差し向かいのテーブルの向こう側から、よく冷えたウーロンハイを僕の顔面にぶっかけた君は、水に濡れた視界が鮮明になる瞬間、今まで見たどの瞬間の君よりも綺麗だった。アルコールに酔い、少し青みがかった瞳、突き通そうとする真っ直ぐな意思は研ぎ澄まされ、少し上向きの目尻に向かって流れていた。固く引き締まった鼻、次に発する言葉を聞くまでは、どのような振動も発しないと決意し閉ざされた唇。
 僕は仕方なく、スマートフォンをテーブルに置いて言った。
「それで? 君は自分が小さくなったことを認めたくはないってことだな」
「そうだ」とばかりに彼女は頷いた。
 彼女はクルマで会社にやってくる。黒の軽自動車で、空力を高めるようなパーツがついている。中古自動車屋で安かったので適当に買ったというが、どちらかというと高校を卒業したてのヤンキーが乗るようなクルマで、あまり彼女には似合っていない。
 彼女はクルマを降り、広い駐車場を歩き、通用口からビルに入って会社のロッカー室まで来ると、靴を履き替える。いつも結構かかとの高い色々な靴を履いているが、仕事前に、サンダルみたいな靴に履き替えるのだ。そうすると、彼女の身長はぐっと低くなる。
「朝のロッカー室でのことを言ってるの?」
 と彼女は言った。今度は僕が、「そうだ」とばかりにうなずいた。
「靴を履き替えて、背が低くなるのはとてもかわいいと俺は思う」
「小さいのがかわいいなんて言うのは、たいてい背の高い男よ。少し馬鹿にしてる」
「馬鹿にはしていない。それは当たり前のことなんだ」
「どういうこと?」
「背の高い男は背の低い女が好き。そしてたぶん、背の低い女は背の高い男が好き。みんながみんなそうではないけど、そういう傾向はあるだろう。当たり前のことだ。そういう傾向でないと困る」
「どうして当たり前なの? 困るの?」
「じゃないと、世の中は巨人族と小人族に分かれてしまうだろう? 自分の身長に合わせた、最適な身長の相手を選んでいると、いずれ人類は……」
「あ、なるほど」
「俺はお前のそういうところが好きだよ。すぐピンとくる。頭がいい」
「確かに、相手を選ぶ一番のポイントが身長の釣り合いだったら、おかしなことになるね。世の中のカップルたちが、釣り合いのとれた背の高いカップルと、背の低いカップルに分かれてしまったら」
「過渡期には“中ぐらい”族がたくさん存在するだろうが、将来的に人間は、巨人族と小人族に分かれることになる」
「あなた、頭いい!」
 その居酒屋は、全室個室になっている。とは言っても、簡単に仕切られているだけの個室で、隣の部屋の会話の様子は、耳を澄ませば聞こえる。
 このような男女の会話を、隣の部屋でひとり酒を飲んでいたおじさんが聴いていた。「将来的には、巨人族と小人族に人間が分かれる、か」
 おじさんは芋焼酎のロックをぐびりとやった。
「それを防ぐためには、背の高い男は背の低い女を、背の低い女は背の高い男を好きになるべき、ということか」
 ぐびり。焼酎のロックは空になった。
 おじさんは千年ほど前の人類のことを思い出していた。
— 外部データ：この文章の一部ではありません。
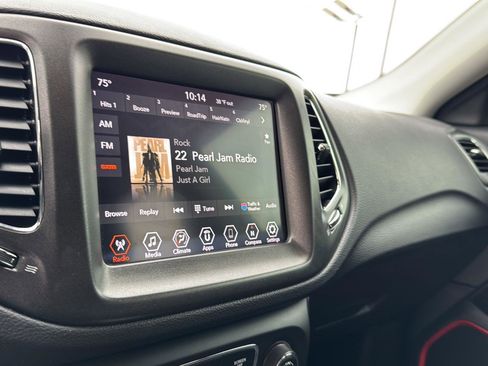 Used 2019 Jeep Compass Trailhawk image 22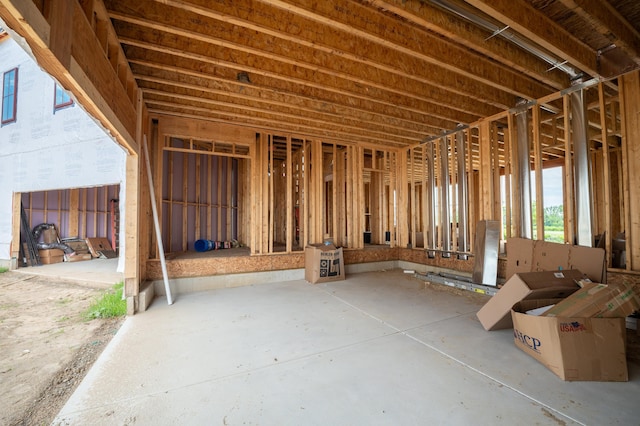 misc room featuring concrete floors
あのころに、隣のカップルのような考えが浸透していれば、人間たちは今のように二つの種族に分かれることはなかったのだ。そう、頭いい族とバカ族に。
 あのような会話をして、お互いのことを頭がいいと言い合う隣部屋の男女ふたりは、言うまでもなくバカ族だ。そして、将来ふたりに子供ができるようなことがあれば、より純度の高いバカ族の子孫が誕生する。その子供はまた、自分に見合うレベルの適切なバカを探すことになる。このようにして、人間は千年ほど前から次第に二つの種族に分かれてきた。自分はバカだから頭いい人が好きとか、自分は頭いいからちょっとバカな子が好きだとか、そういうふうになっても良さそうだったのだが。
「さっきはごめんなさい」
 君はそう言って、空になったウーロンハイのグラスに目をやった。
「いいんだよ。何か飲む?」
 僕はそう言って、飲み物のメニューを彼女に手渡した。
 ただ、頭いい族とバカ族、どちらが幸せに生きているか、まだ歴史は証明していない。